If a soldier who kills can help deal with their actions by framing them within the context of war, or a police officer by believing in a larger cause, it’s more complicated with civilians (Steven Ray Baca, by the way, is the son of a former sheriff). Davies says that convicts he treats, even those who have turned their lives around, still have nightmares about what they've done in the past because with age, usually, comes the ability to reflect and rationalise what we’ve done. 

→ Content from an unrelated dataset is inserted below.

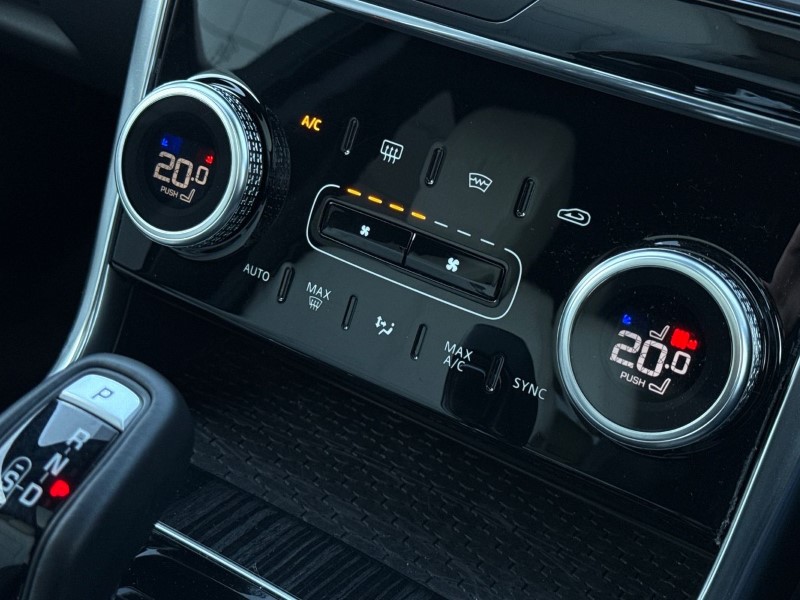 2022 (72) JAGUAR XE 2.0 D200 R-Dynamic Black 4dr Auto 5138712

“If you’re not trained for it, there's going to be anxiety or trauma, even if it's in self-defence, because it's really difficult for most human beings to harm another human being,” he says. “In a situation where you've murdered somebody it's very likely that you're going to suffer trauma and PTSD. We find that they’ll have recurring nightmares, they lie awake at night thinking about the situation happening again. We can treat it using therapies to remove memories, but talking therapies like counseling and CBT won't touch it - it’s on a limbic level.”

Coping with the consequences 

We can ask someone who has killed how it affects them. Someone who has had to kill. Berry, in his time serving in the military and as an intelligence operative, has done just that. He believes that training or no training, no normal person could remain unaffected, and has a method for dealing with the consequences of his actions.

“In my personal experience the act was always by instinct, reacting to a direct threat or stopping a threat from being present,” he says. “The reaction after the event will come in many ways: laughter, exhaustion or tears. All are a by-product of increases in adrenaline levels. That all deals with the immediate. Thereafter it’s the legacy. If you're a ‘normal’ person, regardless of training or background, you will rerun the event a thousand times. This often manifests itself as PTSD. I don’t believe anyone has immunity to this but it comes at differing levels. Some can be treated, others result in suicide.

“I always play events back to myself. The first question I ask myself is, ‘Did I need to kill?’ Normally a resounding yes, as it was a necessity to save lives, mine or others. First tick. ‘Was there any way of avoiding the situation?’ Normally no, as it was part of a pre-planned mission or I was attacked. Second tick. My last sanity check is, ‘Did they deserve to die?’ I try to answer this question rather than leaving it to stew, looking at a couple of things: did I kill an enemy whose sole intent at that time was to kill me, or was in the act of planning to kill me, my comrades or civilians. If it’s a yes, then they had met my criteria. But it’s not always that easy.”

The answer to our question then: maybe. Not that definitive, I realise, but the combination of personality type, human behaviour and situation means that when we see those images of armed civilians lining the streets, we don’t know which of them would be able to aim and shoot. Under the right circumstances, it could be all of them; and the more tense or hostile the environment, the more likely those circumstances become. 

The one thing we can say with absolute certainty is, assuming they’re not a psychopathic ‘wolf,’ if they do pull that trigger, their lives will never be the same again.